The debate over ownership diversity affecting content diversity contributes to the notion that for African Americans to be well represented in media, there needs to be African-American ownership within the industry. A lack of investment in Black-owned media perpetuates disparities, ultimately silencing a marginalized community and its stories. Supporting Black-owned media is crucial for ensuring diverse perspectives and accurate representation.

== Examples of misrepresentation ==

=== Little Black Sambo ===
The Story of Little Black Sambo is an 1899 children's book by Helen Bannerman about a South Indian boy who outwits a group of tigers. Although the original illustrations depicted the protagonist as Indian, later U.S. editions often featured illustrations resembling racist caricatures of Black children. Over time, the character "Sambo" became associated with stereotypes portraying Black people as simple, smiling, and docile. The name and imagery were used to infantilize Black people and reinforce racial hierarchies in American culture.

=== The "coon" caricature ===
The "coon" caricature is one of the most dehumanizing and enduring stereotypes of African Americans. Emerging in the 19th century, it portrayed Black people as lazy, cowardly, foolish, and buffoonish. Unlike the “Sambo,” who was childlike and passive, the coon was usually an adult acting immaturely. This stereotype reinforced ideas of Black incompetence and was widely used in minstrel shows and early American film.

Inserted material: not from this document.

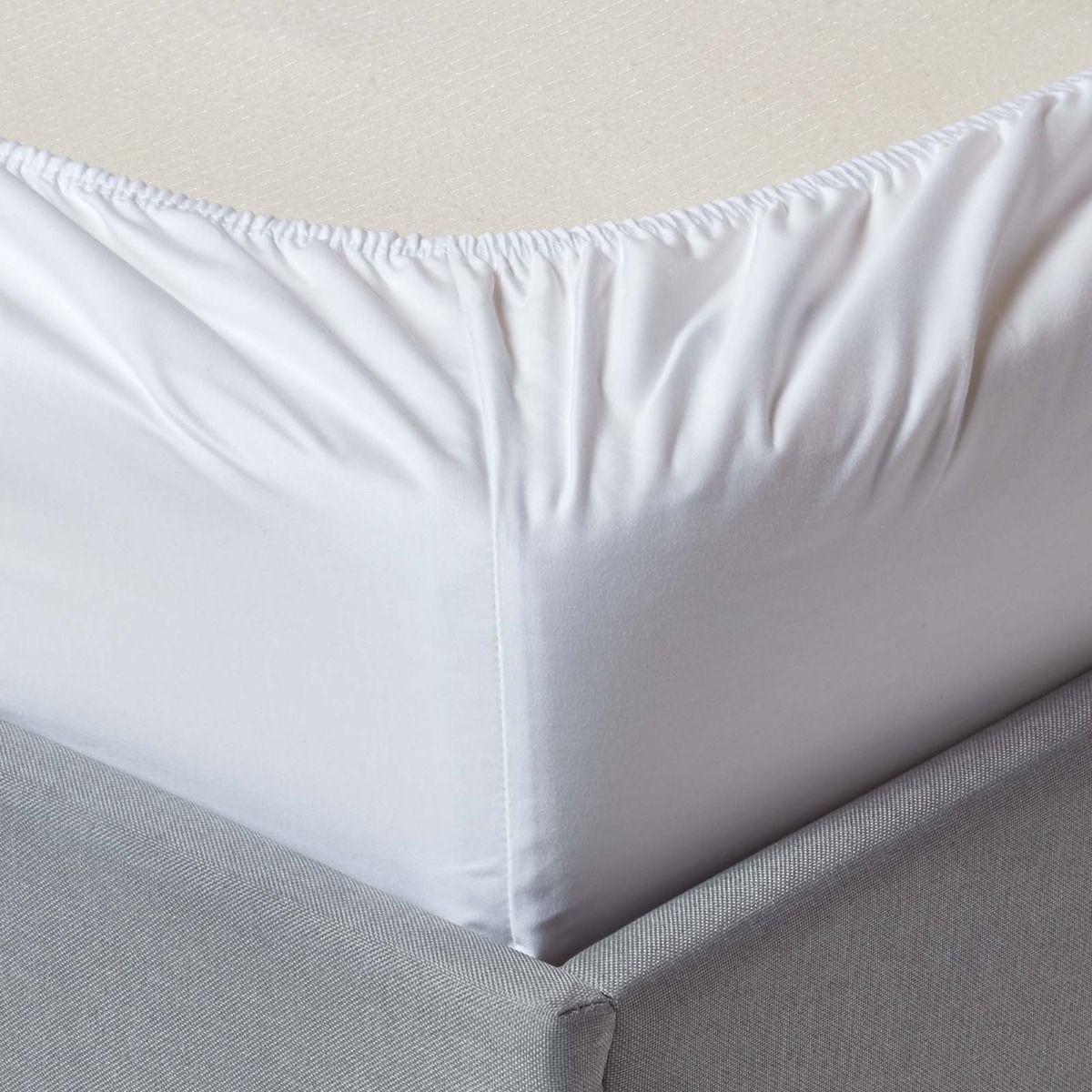 SPANNBETTLAKEN extra hoch, Ägyptische Baumwolle, Fadendichte 1000 - Weiß, Textil (90/190cm) - Homescapes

=== Uncle Tom stereotype ===
The term "Uncle Tom" originates from the 1852 novel Uncle Tom's Cabin by Harriet Beecher Stowe. While the literary character was originally portrayed as moral and dignified, adaptations and popular culture distorted the image into a submissive and docile figure. The modern stereotype of an "Uncle Tom" refers to a Black person who is overly eager to please white authority, often criticized as betraying their racial identity. This portrayal was used to promote a palatable form of Blackness for white audiences.

=== Amos 'n' Andy ===
Amos 'n' Andy was a popular radio show that began in the 1920s and transitioned to television in the 1950s. Originally, the characters were voiced by white actors using exaggerated African-American dialects and mannerisms. When the show moved to television, Black actors were cast, but the program continued to reinforce stereotypes of African Americans as unintelligent and comical. Civil rights organizations, including the NAACP, criticized the show for its demeaning depictions and lobbied for its cancellation.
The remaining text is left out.